Dias Raquel, Kolaczkowski Bryan
Department of Microbiology and Cell Science, University of Florida, Gainesville, FL, USA.
BMC Bioinformatics. 2017 Mar 23;18(Suppl 5):102. doi: 10.1186/s12859-017-1533-z.
One goal of structural biology is to understand how a protein's 3-dimensional conformation determines its capacity to interact with potential ligands. In the case of small chemical ligands, deconstructing a static protein-ligand complex into its constituent atom-atom interactions is typically sufficient to rapidly predict ligand affinity with high accuracy (>70% correlation between predicted and experimentally-determined affinity), a fact that is exploited to support structure-based drug design. We recently found that protein-DNA/RNA affinity can also be predicted with high accuracy using extensions of existing techniques, but protein-protein affinity could not be predicted with >60% correlation, even when the protein-protein complex was available.

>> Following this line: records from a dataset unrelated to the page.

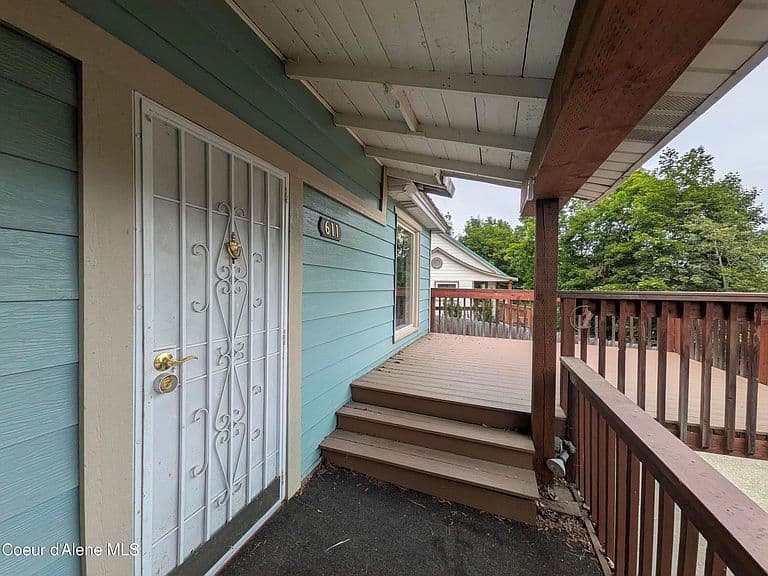 611 W Park Ave photo 2
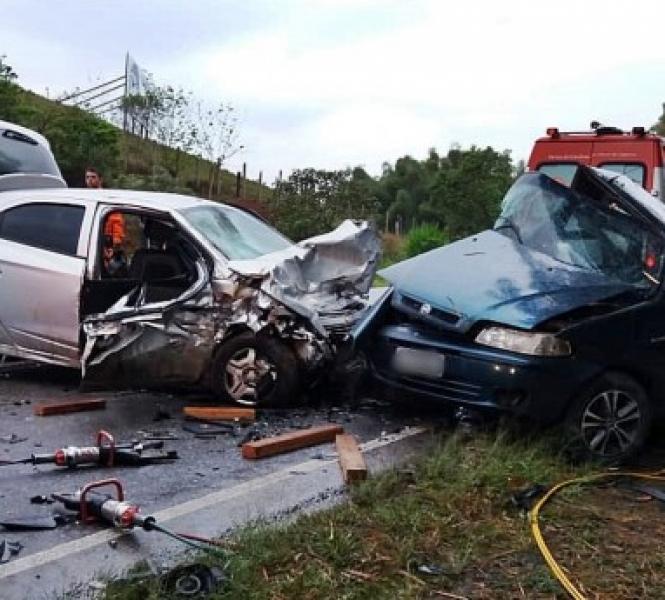 Sete pessoas morrem em acidente entre carros na estrada 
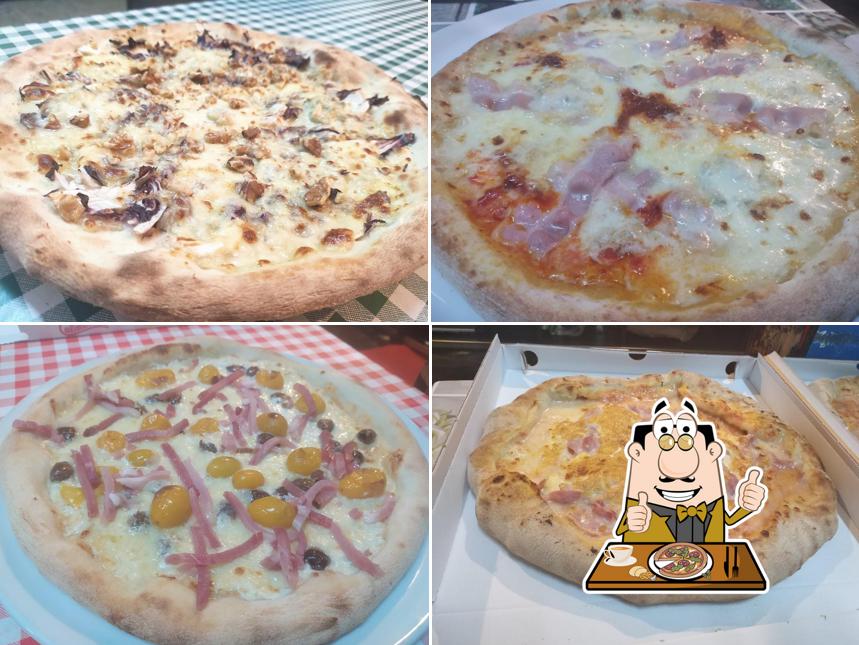 Ordina tra le molte varianti di pizza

X-ray and NMR structures of protein-protein complexes, their associated binding affinities and experimental conditions were obtained from different binding affinity and structural databases. Statistical models were implemented using a generalized linear model framework, including the experimental conditions as new model features. We evaluated the potential for new features to improve affinity prediction models by calculating the Pearson correlation between predicted and experimental binding affinities on the training and test data after model fitting and after cross-validation. Differences in accuracy were assessed using two-sample t test and nonparametric Mann-Whitney U test.
Here we evaluate a range of potential factors that may interfere with accurate protein-protein affinity prediction. We find that X-ray crystal resolution has the strongest single effect on protein-protein affinity prediction. Limiting our analyses to only high-resolution complexes (≤2.5 Å) increased the correlation between predicted and experimental affinity from 54 to 68% (p = 4.32x10). In addition, incorporating information on the experimental conditions under which affinities were measured (pH, temperature and binding assay) had significant effects on prediction accuracy. We also highlight a number of potential errors in large structure-affinity databases, which could affect both model training and accuracy assessment.
The results suggest that the accuracy of statistical models for protein-protein affinity prediction may be limited by the information present in databases used to train new models. Improving our capacity to integrate large-scale structural and functional information may be required to substantively advance our understanding of the general principles by which a protein's structure determines its function.
结构生物学的一个目标是了解蛋白质的三维构象如何决定其与潜在配体相互作用的能力。对于小分子化学配体而言,将静态的蛋白质 - 配体复合物解构为其组成原子间的相互作用,通常足以快速且高精度地预测配体亲和力(预测亲和力与实验测定亲和力之间的相关性>70%),这一事实被用于支持基于结构的药物设计。我们最近发现,利用现有技术的扩展也可以高精度地预测蛋白质 - DNA/RNA亲和力,但即使有蛋白质 - 蛋白质复合物,蛋白质 - 蛋白质亲和力的预测相关性也无法超过60%。
从不同的结合亲和力和结构数据库中获取蛋白质 - 蛋白质复合物的X射线和核磁共振结构、它们相关的结合亲和力以及实验条件。使用广义线性模型框架实施统计模型,将实验条件作为新的模型特征。在模型拟合后以及交叉验证后,通过计算训练数据和测试数据上预测结合亲和力与实验结合亲和力之间的皮尔逊相关性,我们评估了新特征改善亲和力预测模型的潜力。使用双样本t检验和非参数曼 - 惠特尼U检验评估准确性差异。
在此,我们评估了一系列可能干扰准确预测蛋白质 - 蛋白质亲和力的潜在因素。我们发现X射线晶体分辨率对蛋白质 - 蛋白质亲和力预测具有最强的单一影响。将分析仅限于高分辨率复合物(≤2.5 Å)可使预测亲和力与实验亲和力之间的相关性从54%提高到68%(p = 4.32x10)。此外,纳入亲和力测量时的实验条件信息(pH、温度和结合测定)对预测准确性有显著影响。我们还强调了大型结构 - 亲和力数据库中存在的一些潜在错误,这些错误可能会影响模型训练和准确性评估。
结果表明,用于预测蛋白质 - 蛋白质亲和力的统计模型的准确性可能受到用于训练新模型的数据库中所存在信息的限制。可能需要提高我们整合大规模结构和功能信息的能力,以实质性地推进我们对蛋白质结构决定其功能的一般原则的理解。